First, you need to install the ZFS utilities. Open a terminal and run:

sudo apt update
sudo apt install zfsutils-linux

Step 2: Prepare the SATA SSDs

  1. Identify the Disks

    Use the lsblk or fdisk -l command to identify your SATA SSDs. Assume they are /dev/sdb and /dev/sdc.

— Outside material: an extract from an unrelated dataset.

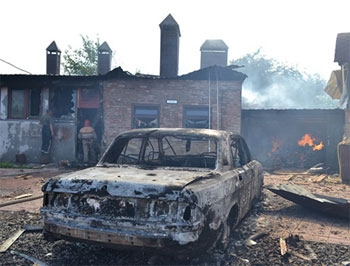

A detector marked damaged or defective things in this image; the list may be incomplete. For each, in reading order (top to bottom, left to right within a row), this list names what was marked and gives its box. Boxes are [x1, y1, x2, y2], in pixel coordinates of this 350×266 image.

burned car [41, 128, 264, 255]
charred car body [41, 128, 264, 255]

    lsblk should output something like this

    NAME        MAJ:MIN RM   SIZE RO TYPE MOUNTPOINTS
    sda 8:0 0 1.8T 0 disk
    sdb 8:16 0 372.6G 0 disk
    sdc 8:32 0 372.6G 0 disk
    nvme0n1 259:0 0 931.5G 0 disk
    ├─nvme0n1p1 259:1 0 524M 0 part /boot/efi
    ├─nvme0n1p2 259:2 0 465.2G 0 part /
    └─nvme0n1p3 259:3 0 465.8G 0 part

    or fdisk -l should have something like this

    Disk /dev/nvme0n1: 931.51 GiB, 1000204886016 bytes, 1953525168 sectors
    Disk model: CT1000P3SSD8
    ...
    ...
    Disk /dev/sdb: 372.61 GiB, 400088457216 bytes, 781422768 sectors
    Disk model: INTEL SSDSC2BA40
    ...
    ...
    Disk /dev/sdc: 372.61 GiB, 400088457216 bytes, 781422768 sectors
    Disk model: INTEL SSDSC2BA40
    ...
    ...
  2. Partition the Disks (Optional)

    If you want to create partitions, use fdisk or parted. For simplicity, we will use the entire disks.

Step 3: Create the ZFS Pool

To create a mirrored ZFS pool, use the zpool create command:

sudo zpool create mypool mirror /dev/sdb /dev/sdc

In this command:

  • mypool is the name of your ZFS pool.
  • mirror specifies that the disks will be mirrored.
  • /dev/sdb and /dev/sdc are the SATA SSDs.

Step 4: Verify the Pool

Check the status of your ZFS pool to ensure it's created correctly:

sudo zpool status

You should see output indicating that the pool mypool is created and the disks are mirrored.

  pool: mypool
state: ONLINE
config:

NAME STATE READ WRITE CKSUM
mypool ONLINE 0 0 0
mirror-0 ONLINE 0 0 0
sdb ONLINE 0 0 0
sdc ONLINE 0 0 0

errors: No known data errors

Step 5: Create a ZFS Filesystem

Create a ZFS filesystem within your pool:

sudo zfs create mypool/mydataset

Replace mypool/mydataset with your preferred dataset name.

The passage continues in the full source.